● ABOUT THIS EXERCISE: Everything from the line with "It looks pretty" to the line with "Once you press" in the listing below, both lines included, needs to be copied exactly, apart from the pictures.

● EXTRACTED RECORDS:
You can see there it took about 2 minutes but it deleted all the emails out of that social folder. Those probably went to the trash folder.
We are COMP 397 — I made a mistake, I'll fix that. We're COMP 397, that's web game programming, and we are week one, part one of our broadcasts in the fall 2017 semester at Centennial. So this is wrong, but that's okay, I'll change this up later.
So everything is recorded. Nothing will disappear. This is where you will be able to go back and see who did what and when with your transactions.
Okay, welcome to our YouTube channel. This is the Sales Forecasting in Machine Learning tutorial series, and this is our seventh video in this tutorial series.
* * *
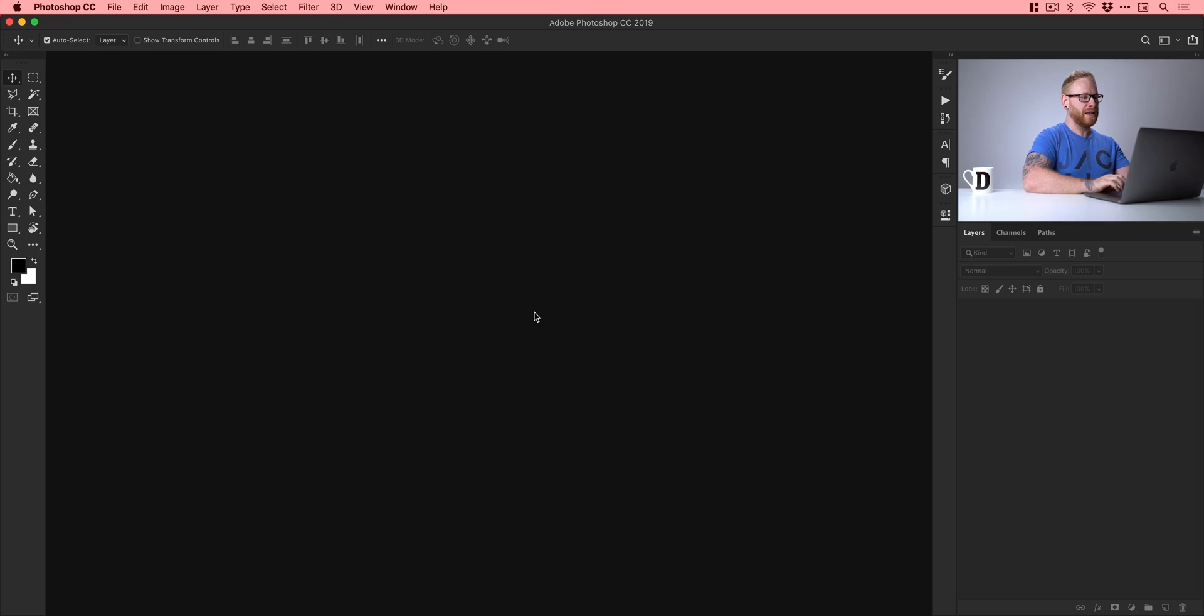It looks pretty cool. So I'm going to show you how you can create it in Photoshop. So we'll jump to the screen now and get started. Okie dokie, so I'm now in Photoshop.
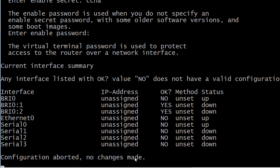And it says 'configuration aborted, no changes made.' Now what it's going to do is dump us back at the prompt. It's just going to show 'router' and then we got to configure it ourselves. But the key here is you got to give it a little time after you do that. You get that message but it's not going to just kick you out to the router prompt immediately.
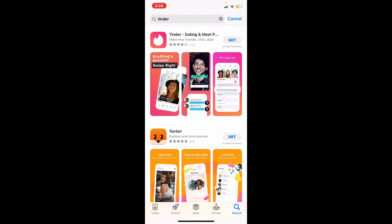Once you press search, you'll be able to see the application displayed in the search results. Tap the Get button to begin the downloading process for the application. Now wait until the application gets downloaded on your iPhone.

● EXERCISE ANSWER:
It looks pretty cool. So I'm going to show you how you can create it in Photoshop. So we'll jump to the screen now and get started. Okie dokie, so I'm now in Photoshop.
And it says 'configuration aborted, no changes made.' Now what it's going to do is dump us back at the prompt. It's just going to show 'router' and then we got to configure it ourselves. But the key here is you got to give it a little time after you do that. You get that message but it's not going to just kick you out to the router prompt immediately.
Once you press search, you'll be able to see the application displayed in the search results. Tap the Get button to begin the downloading process for the application. Now wait until the application gets downloaded on your iPhone.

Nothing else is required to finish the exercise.